To correct this, Figure 8a and Figure 8b
As shown in FIG. 2, a circular upper electrode 2 having a convex or concave surface with respect to the surface of the circular lower electrode 1 is installed so as to be inclined in the direction of the flow of etching gas. This makes it possible to simultaneously make uniform the concentric etching rate distribution in the radial distance direction from the central axis of the surface of the circular lower electrode 1 and the etching rate distribution in the flow direction of the etching gas.

Note that the shape of the circular upper electrode 2 may be a cone with an appropriate inclination angle to simplify processing.

As described above, according to the plasma etching apparatus of this invention, the upper electrode, which is disposed opposite to the circular lower electrode on which the etching sample is placed, has a convex or concave surface with respect to the lower electrode. Since the electrode is circular in shape, the in-plane distribution of the etching rate can be made uniform.

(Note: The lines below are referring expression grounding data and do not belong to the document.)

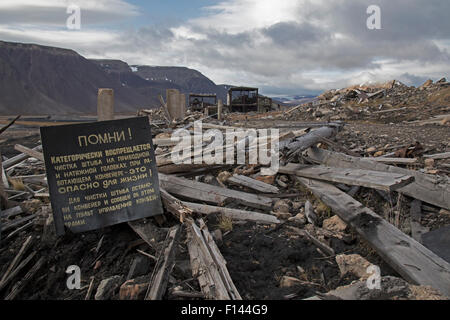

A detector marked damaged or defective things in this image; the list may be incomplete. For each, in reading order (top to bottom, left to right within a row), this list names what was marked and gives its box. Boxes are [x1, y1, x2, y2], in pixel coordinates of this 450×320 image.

broken wooden plank [2, 146, 42, 170]
broken wooden plank [13, 144, 43, 161]
broken wooden plank [160, 172, 272, 210]
broken wooden plank [227, 174, 280, 194]
broken wooden plank [282, 164, 414, 191]
broken wooden plank [306, 148, 450, 210]
broken wooden plank [181, 201, 280, 224]
broken wooden plank [298, 176, 450, 296]
broken wooden plank [146, 225, 181, 300]
broken wooden plank [186, 218, 243, 300]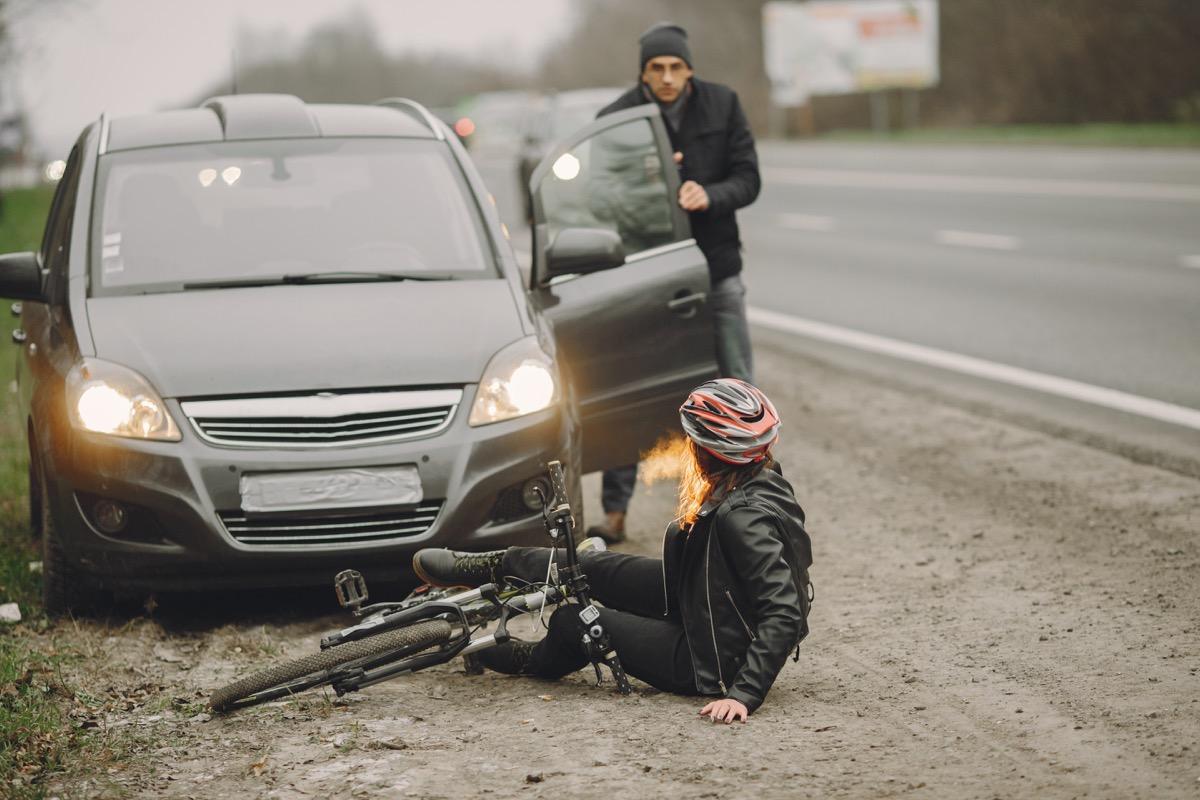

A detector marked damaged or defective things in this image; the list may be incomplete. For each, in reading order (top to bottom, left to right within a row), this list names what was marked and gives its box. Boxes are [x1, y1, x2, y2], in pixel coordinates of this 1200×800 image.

crashed bicycle [211, 460, 632, 716]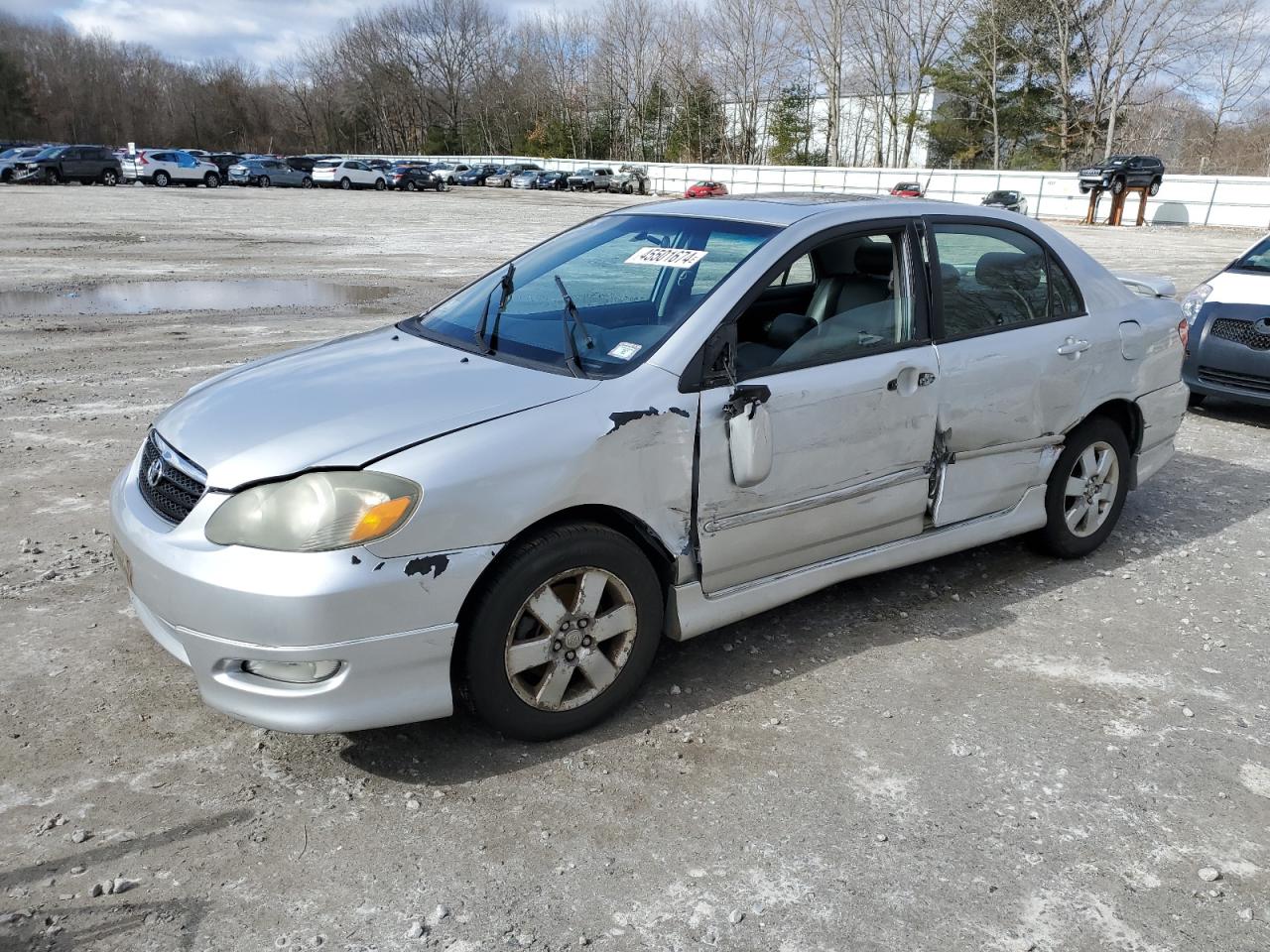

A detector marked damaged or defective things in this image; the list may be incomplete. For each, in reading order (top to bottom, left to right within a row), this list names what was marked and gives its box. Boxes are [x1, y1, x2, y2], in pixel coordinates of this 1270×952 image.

damaged silver sedan [111, 193, 1191, 742]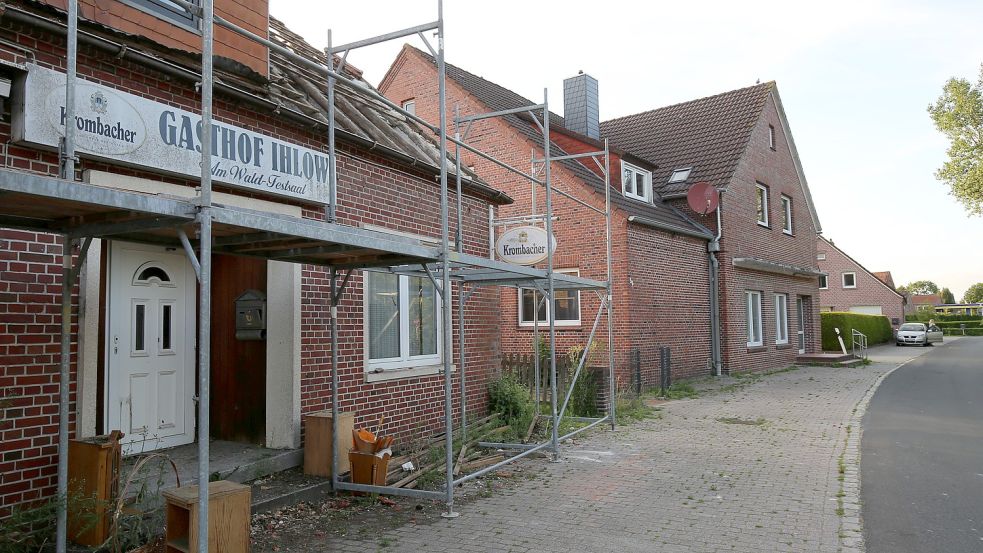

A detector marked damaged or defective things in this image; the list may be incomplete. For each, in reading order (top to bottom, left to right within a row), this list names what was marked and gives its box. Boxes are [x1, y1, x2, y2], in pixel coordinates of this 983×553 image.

damaged roof [400, 45, 716, 239]
damaged roof [600, 81, 776, 195]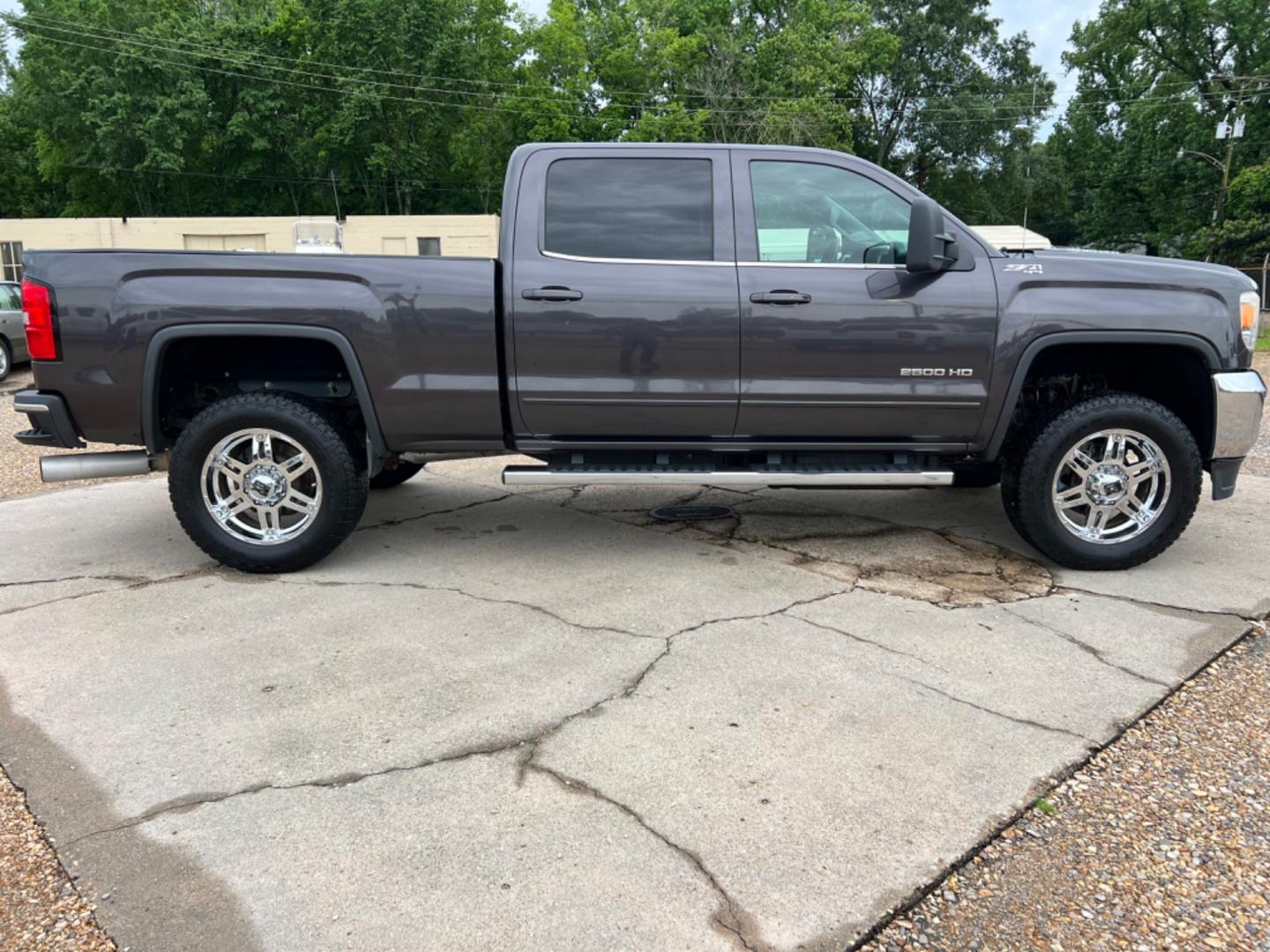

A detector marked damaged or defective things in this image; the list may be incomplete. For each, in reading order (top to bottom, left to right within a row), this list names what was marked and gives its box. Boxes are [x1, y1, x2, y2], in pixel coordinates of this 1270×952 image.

cracked concrete pavement [0, 458, 1263, 945]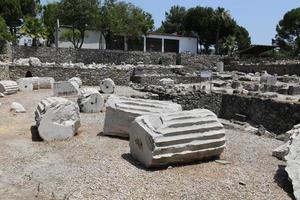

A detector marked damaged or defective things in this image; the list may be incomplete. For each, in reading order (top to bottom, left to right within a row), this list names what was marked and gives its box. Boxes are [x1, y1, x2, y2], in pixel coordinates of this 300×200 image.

broken architectural piece [35, 96, 81, 141]
broken architectural piece [52, 81, 79, 97]
broken architectural piece [77, 87, 104, 112]
broken architectural piece [104, 95, 182, 138]
broken architectural piece [128, 108, 225, 168]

For this reason, etching gas conditions, high frequency power,
Etching conditions such as the degree of etching vacuum have almost no restrictions in terms of uniformity of the etching rate distribution, so settings such as etching rate, selectivity (to resist, underlayer), side etching amount, etc. should be set to obtain the best values. Can be done.

[Brief explanation of the drawing]

Figure 1 shows the configuration of a conventional plasma generator.
2 is a diagram showing the relationship between the position of the etching sample on the lower electrode and the etching rate in the plasma etching apparatus of FIG. 1, and FIG. 3 is a diagram showing the upper part of an embodiment of the plasma etching apparatus of this invention. FIG. 4 is an enlarged sectional view of the upper electrode and lower electrode of the second embodiment of the plasma etching apparatus of this invention, and FIG. 5 is an enlarged sectional view of the plasma etching apparatus of this invention. Characteristic diagram showing the relationship between the position of the etching sample on the lower electrode and the etching speed in the etching device, Fig. 6a
is a sectional view showing the configuration of a third embodiment of the plasma etching apparatus of this invention, and FIG.
FIG. 7a is a sectional view showing the structure of the fourth embodiment of the plasma etching apparatus of this invention, FIG. 7b is a plan view of the lower electrode in FIG. 7a, and FIG. FIG. 8a is a sectional view showing the structure of a fifth embodiment of the plasma etching apparatus of this invention, and FIG. 8b is a plan view of the lower electrode in FIG. 8a. 1... Lower electrode, 2... Upper electrode, 3... Etching sample, 4... Etching chamber, 5...
Insulator, 6...High frequency power matching circuit, 7...
...High frequency power supply, 8...High frequency power supply connection electrode and ground electrode switching circuit, 9...Etching gas inlet, 10...Vacuum exhaust port. 〓〓〓〓〓

Claims (1)

[Scope of utility model registration request] A lower electrode with a circular plane on which an etching sample is placed, an upper circular electrode placed opposite to this lower electrode, and an etching chamber that accommodates these and into which etching gas is introduced under a certain reduced pressure. In the plasma etching apparatus comprising means for generating plasma by applying high frequency power between the upper electrode and the lower electrode, the upper electrode may have a convex or concave surface having an arbitrary curvature relative to the lower electrode. Characteristic plasma etching equipment.